Segment Open
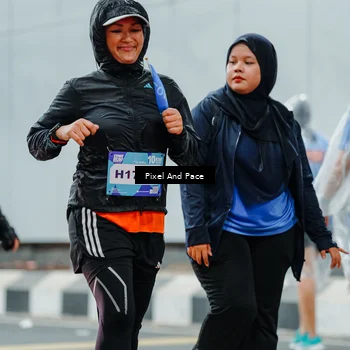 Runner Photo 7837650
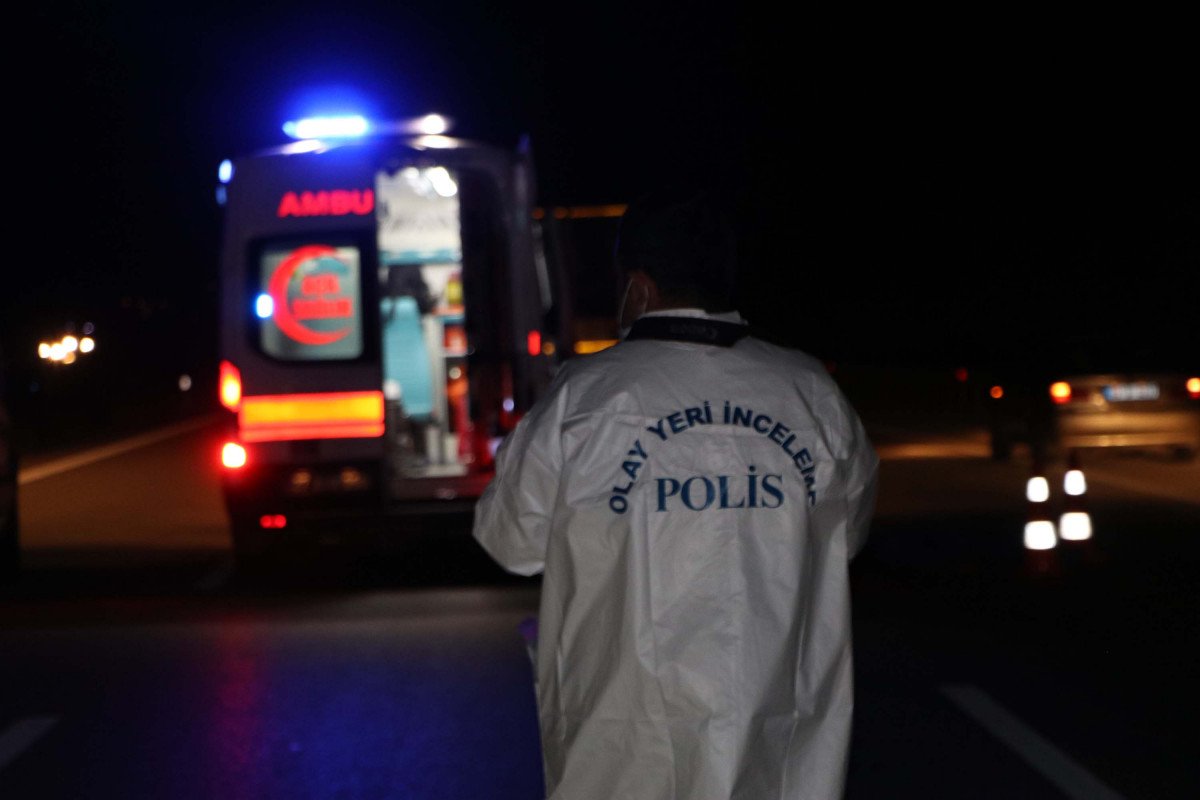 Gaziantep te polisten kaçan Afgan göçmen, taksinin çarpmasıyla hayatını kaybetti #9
Segment Closed
Segment Open
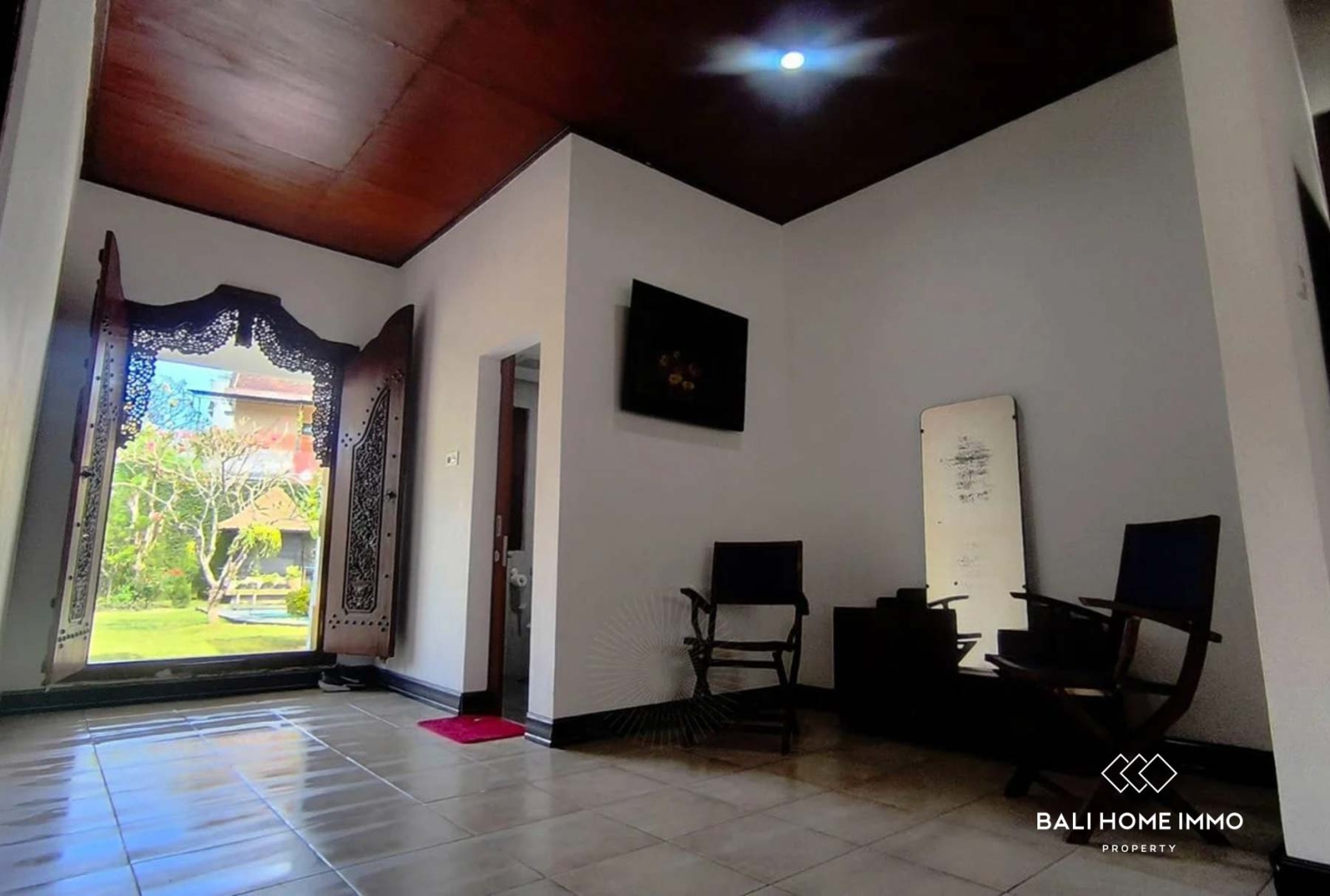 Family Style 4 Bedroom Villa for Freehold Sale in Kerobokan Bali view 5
Segment Closed
Segment Open
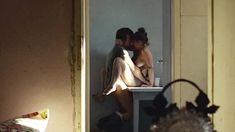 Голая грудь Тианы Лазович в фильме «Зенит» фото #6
Segment Closed
▶ **DIRECTIONS FOR THIS TASK**
Go to the line above holding "Runner Photo 7837650", then copy exactly each line down to and including the one holding "Gaziantep te polisten", leaving pictures out.

▶ **RESPONSE TO THIS TASK**
 Runner Photo 7837650
 Gaziantep te polisten kaçan Afgan göçmen, taksinin çarpmasıyla hayatını kaybetti #9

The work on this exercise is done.